River Phoenix on “My Own Private Idaho”

October 13, 1991 |    River Phoenix is bleary-eyed and bedraggled, looking and sounding very much like someone who was rudely awakened just a few minutes ago.

The 21-year-old actor doesn’t have much time to talk — last night, someone called to tell him he’s been named Best Actor at the Venice Film Festival, and he has to catch an early-afternoon flight to Italy to pick up the prize. But at the moment, he’s trying to muddle through just a few more minutes of promotional chores at the Toronto Festival of Festivals, where his latest movie — My Own Private Idaho, which earned him the Venice honor — is stirring up an appreciative buzz.

Even if Phoenix weren’t half so good in the film, he would still be granted points for his sheer audacity in tackling it in the first place. As Mike Walters, an amiable, not conspicuously bright male hustler who wanders in and out of narcoleptic trances, Phoenix spends most of his time appearing even less glamorous than he does right now in his film festival hotel suite. Mike yearns for family ties, for a sense of belonging — and, yes, for the love of fellow hustler Scott Favor (Keanu Reeves), the black-sheep son of a well-connected Portland, Ore., family. For Scott, the street life is just a phase he’s going through. But for Mike — well, it’s all he has, and he knows it isn’t much.

Gus Van Sant, an openly gay filmmaker who scored an unexpected hit with his Drugstore Cowboy, doesn’t shy away from the squalor of street life in My Own Private Idaho, which opens Friday in Houston. But Van Sant doesn’t exploit his actors, and he doesn’t play for cheap, lurid thrills. What he does do is create a sort of surreal poetry, equal parts William Shakespeare (whole sections are drawn from the Henry IV plays), William Burroughs and John Cassavetes.

“’Most films that would be done on this,” Phoenix says, “people write from point A to point B. It’s like, what do you do now? It’s all very linear.

“And it’s all, like, God forbid that someone (urinates on camera). Or God forbid someone picks his nose.

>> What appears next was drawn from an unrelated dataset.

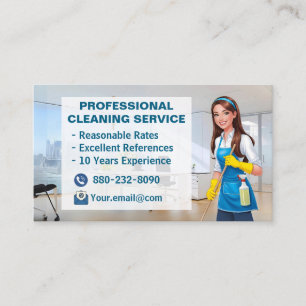 Carte De Visite Services de nettoyage professionnel de maison Entr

God forbid that someone walks around the corner, meets someone else that wasn’t even in the film, and they go off, and you never see them again.

“It’s very rare that there’s this kind of flow, the stream of consciousness just taking you away.”

Pressed on the subject, Phoenix admits that he had little trouble relating to the strains of restless yearning and vagabond journeying that inform so much of Van Sant’s script for My Own Private Idaho. Long before he made his movie debut in Explorers (1985) and earned an Oscar nomination for Running on Empty (1988), Phoenix and his family traveled throughout the Northwest as itinerant fruit pickers, then worked as missionaries in Central and South America for an organization called The Children of God. In the 1970s, Phoenix performed as a street musician with his father and siblings on Hollywood Boulevard — just down the street where a budding filmmaker named Gus Van Sant was working on a feature film that he never completed.

“Objectively,” Phoenix says, “when reading (Van Sant’s) script for the first time, or in watching the film after it was finished, it does speak to me. And it does have some life references that drew me into it.

“But I’m not allowing myself ever to draw on my own life to fill in a character’s blank. I need to simulate and construct from scratch that character’s references. So, I didn’t use any of my sentimental values in any way towards Mike. He had his own set of rules and plans. But I am very sympathetic to the traveling. And the searching, the wandering. Which I can enjoy and absorb later — after the fact, watching the film.”

Phoenix ranks My Own Private Idaho along with The Mosquito Coast and Running On Empty as the films that contain his best work as an actor. He is considerably less pleased by his performance in the forthcoming Dogfight, a romantic comedy-drama that has him cast as a Marine corporal who finds unexpected romance with a plain but sweet-spirited waitress (Lili Taylor).

To put it bluntly, he thought the completed film relied too heavily on “needless, exploitive, macro-close-ups” of his handsome young face.

Phoenix is much more at ease in discussing the grungy honesty of his appearance, and his performance, in My Own Private Idaho.

“I’m glad it looks so effortless, I really am,” Phoenix says. “In watching the film, I can say there’s something really natural and casual about it. I don’t see any hard work.

“’I was pretty sure, from the first time I read the script, that I wanted to do this film. And I knew that if I didn’t do it, someone else was going to do it, and fuck it up. So I kind of felt a responsibility. I really felt obligated to do it justice.”